» The records:
>>
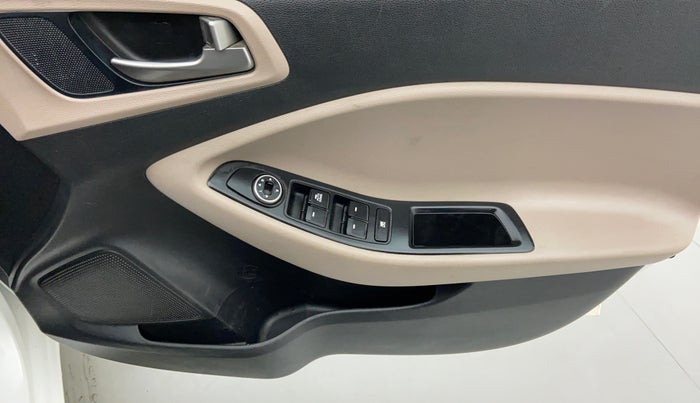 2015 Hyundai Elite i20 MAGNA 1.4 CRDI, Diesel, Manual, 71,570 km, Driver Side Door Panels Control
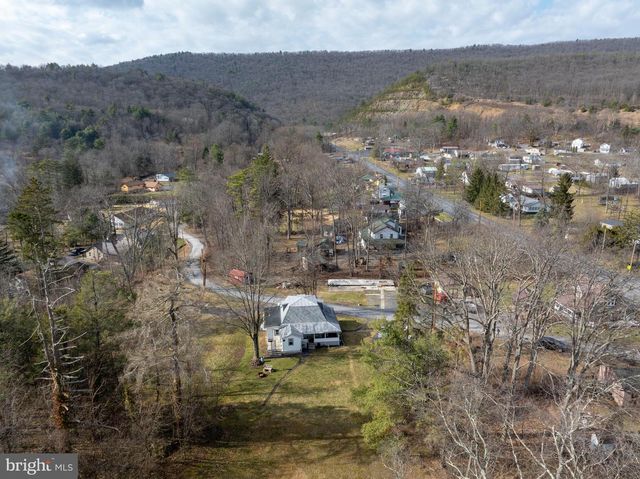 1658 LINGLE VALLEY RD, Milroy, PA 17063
<<
>>
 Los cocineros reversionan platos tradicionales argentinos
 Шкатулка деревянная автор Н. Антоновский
<<
» Task brief:
Reproduce the listing above from the line that holds "2015 Hyundai Elite" through the line that holds "1658 LINGLE VALLEY RD, Milroy, PA 17063", both included, with the pictures left out.

» Solution for this problem:
 2015 Hyundai Elite i20 MAGNA 1.4 CRDI, Diesel, Manual, 71,570 km, Driver Side Door Panels Control
 1658 LINGLE VALLEY RD, Milroy, PA 17063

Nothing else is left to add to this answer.